Supreme Court to hear potential landmark immigration case

The United States Supreme Court said on Tuesday it would hear a dispute between President Barack Obama and 26 states over the President’s ability to issue sweeping executive orders about immigration.

640px-Inside_the_United_States_Supreme_Court
640px-Inside_the_United_States_Supreme_Court

The Justices considered the case during a private conference last Friday morning.

The 26 states had hoped the Supreme Court would rule on several issues, including the ability of the states to sue the Obama administration; the alleged constitutional overreach of the executive branch in forming immigration policies conflicting with laws passed by Congress; and the alleged unwillingness of President Obama to honor the Constitution’s “Take Care Clause” to execute laws passed by Congress.

According to the order as announced, the Justices will consider two of the three questions: on standing and the Take Care clause.

On Thursday afternoon, the Justice Department waived its last document filing before the private conference, in an attempt to get the case heard and decided by late June.

Two lower courts that ruled on the case agreed that the state of Texas had standing to sue the Obama administration because it had been potentially injured by the decision, which could defer the deportation of 5 million undocumented immigrants. But the lower courts didn’t rule on the two other constitutional questions.

In November 2015, the U.S. Fifth Circuit Court of Appeals upheld a lower court’s injunction that blocked President Obama’s executive orders on immigration from taking effect. In the case, United States v. Texas, the three judge panel ruled 2-1 against the Obama administration’s efforts to establish one new federal immigration program and expand others.

The orders seek to expand the Deferred Action for Childhood Arrivals program (DACA), which gave prosecutorial discretion regarding the enforcement of immigration laws against “certain young people.” The orders would make millions more eligible for the program. A November 2014 executive action also established the Deferred Action for Parents of Americans program (DAPA), which allows the parents of U.S. citizens to remain “lawfully present” in the United States. The District Court determined that at least 4.3 million individuals would be eligible for lawful presence under DAPA.

Shortly after the announcement of these programs, Texas, along with 26 other states, sued the federal government with the goal of stopping the programs from being implemented. A district court determined that Texas had standing to sue because of the financial hardship it would suffer by having to issue driver’s licenses to DAPA beneficiaries.

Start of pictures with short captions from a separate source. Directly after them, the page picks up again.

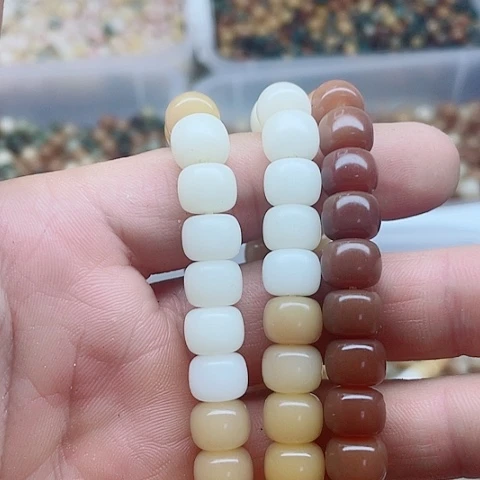 吊坠白玉菩提10、8风化渐变敦114颗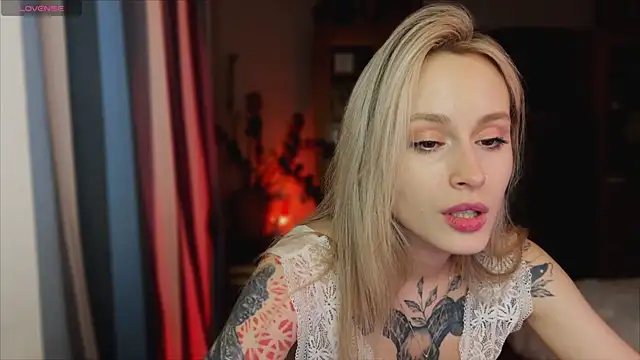 aviva_faith's cam snapshot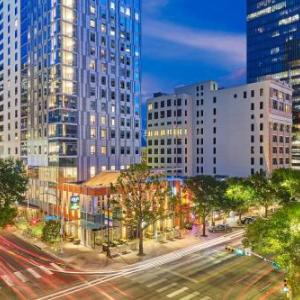 Hotels near Moody Amphitheater Austin - Aloft Austin Downtown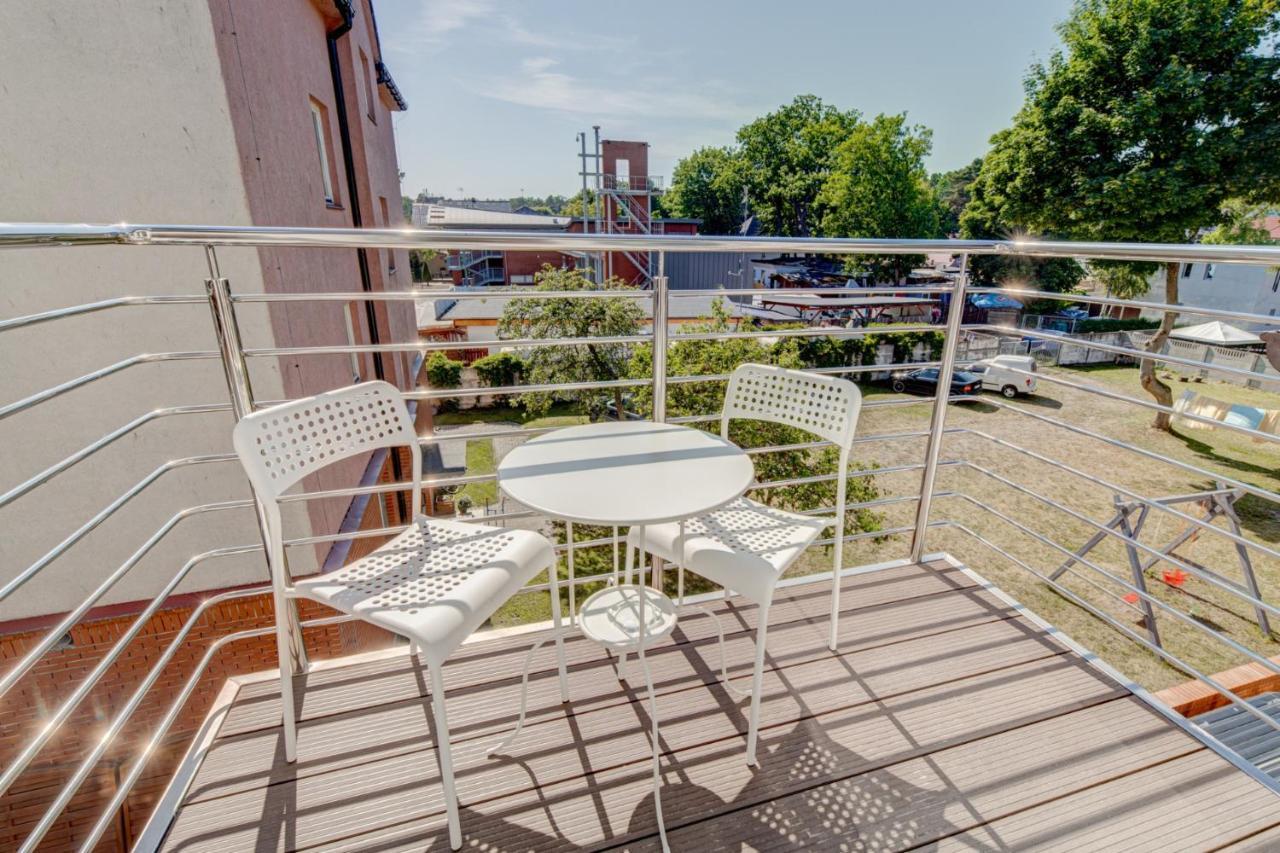 Pod Winogronem - Apartamenty Z Basenem I Wyzywieniem Pobierowo Exterior foto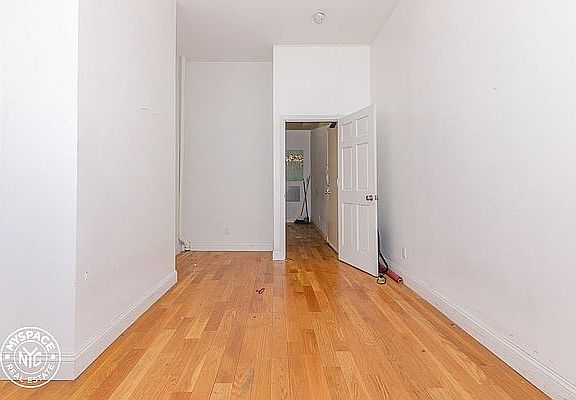 4th image of 291 Wyckoff Ave #3W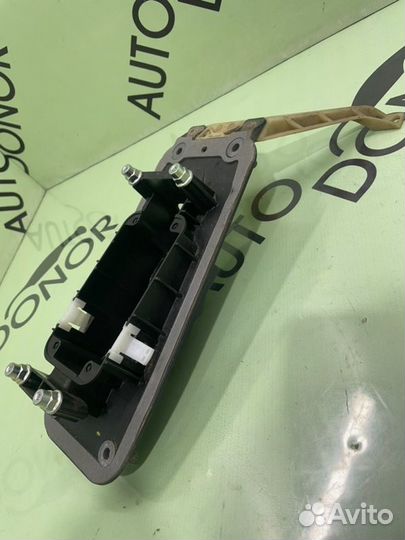 Крепление селектора АКПП Volkswagen Touareg 7P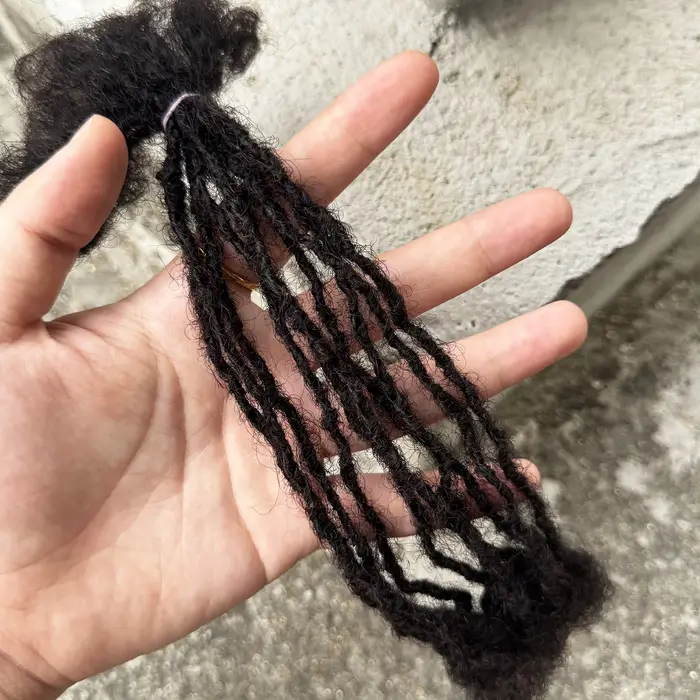 Sisterlocks imbriqués à la main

The lower court did not rule on the constitutional and separation of powers claims made against the President’s actions, but rather granted an injunction, which prohibited the programs from taking effect until further notice. The Federal government appealed, arguing that states can’t sue and that the injunction is “improper as a matter of law”. It claimed that Texas would not be harmed by issuing drivers licenses under DAPA, for any costs would be offset by other benefits to the state.